A novel in the mode of the picaresque, this is a story of erotic discovery in the sense, as Juan puts it, that “your trousers hide not only your nakedness but your kinship to the clown.” A nation emerging as a great power is exalting in absurdist energies. In its last spasms before the great depression, America is revealed through a series of unlikely accidents as Juan stumbles from state to state, somehow evading consequences as he goes. On his first day, he falls for the daughter of a gangster, witnesses a murder in a speakeasy and watches a woman leap to her death in a New York street.

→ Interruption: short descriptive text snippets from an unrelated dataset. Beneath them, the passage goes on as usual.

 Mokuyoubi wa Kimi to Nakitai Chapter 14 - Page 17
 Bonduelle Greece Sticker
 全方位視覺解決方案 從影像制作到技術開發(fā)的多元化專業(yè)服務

He thrills to the bizarreness of each spectacle and moves on to the next in a galloping mood that is part medieval romance, part running commentary on what was still, in the 1920s, the new world.

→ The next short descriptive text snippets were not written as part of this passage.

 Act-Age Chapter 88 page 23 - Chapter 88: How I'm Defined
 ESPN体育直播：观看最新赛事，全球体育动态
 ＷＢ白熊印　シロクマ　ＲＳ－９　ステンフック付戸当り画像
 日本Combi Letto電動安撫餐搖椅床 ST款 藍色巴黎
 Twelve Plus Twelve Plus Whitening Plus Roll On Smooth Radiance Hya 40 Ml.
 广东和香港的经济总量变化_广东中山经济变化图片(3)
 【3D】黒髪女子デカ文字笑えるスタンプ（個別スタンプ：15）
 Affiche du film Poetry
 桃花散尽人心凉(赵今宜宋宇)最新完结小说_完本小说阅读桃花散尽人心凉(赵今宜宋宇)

‘A magnificent frolic.’ JB Priestley
Time magazine review, May 1931
Eric Linklater - (1899-1974), was born in Wales and grew up in the Orkney islands. In the First World War he served with the Black Watch, and was wounded out in the German spring offensive of 1918. After studying at Aberdeen University, he went on to work as an assistant editor on the Times of India, and spent two years in the USA as a Commonwealth fellow, before publishing his first novel, White Maa’s Saga, in 1929. His reputation was established by his third novel, Juan in America (1931), a richly comic, picaresque extravaganza of American prohibition and the resultant gangsterism. Thereafter his overall literary output was vast and varied, establishing him as a leading British author of the Thirties and Forties and a major figure in the Scottish literary renaissance of the period. In all he wrote twenty-three novels, three volumes of short stories, two children's books, two books of verse, ten plays, three autobiographies, and another twenty-three books of miscellaneous essays and histories, including a study of the Italian campaign of the Second World War, and an account of Bonnie Prince Charlie’s flight from the battle of Culloden, The Prince in the Heather (1965). His major novels include The Men of Ness (1932), Magnus Merriman (1934), Private Angelo (1946), and The Dark of Summer (1956).
Alex Linklater - an associate editor of Prospect magazine and a freelance writer contributing to the Guardian and Observer. In 2005 he founded the National Short Story Award with BBC Radio 4. He has been a fellow of the National Endowment for Science Technology and the Arts, deputy arts editor of the London Evening Standard, and literary editor of the Glasgow Herald.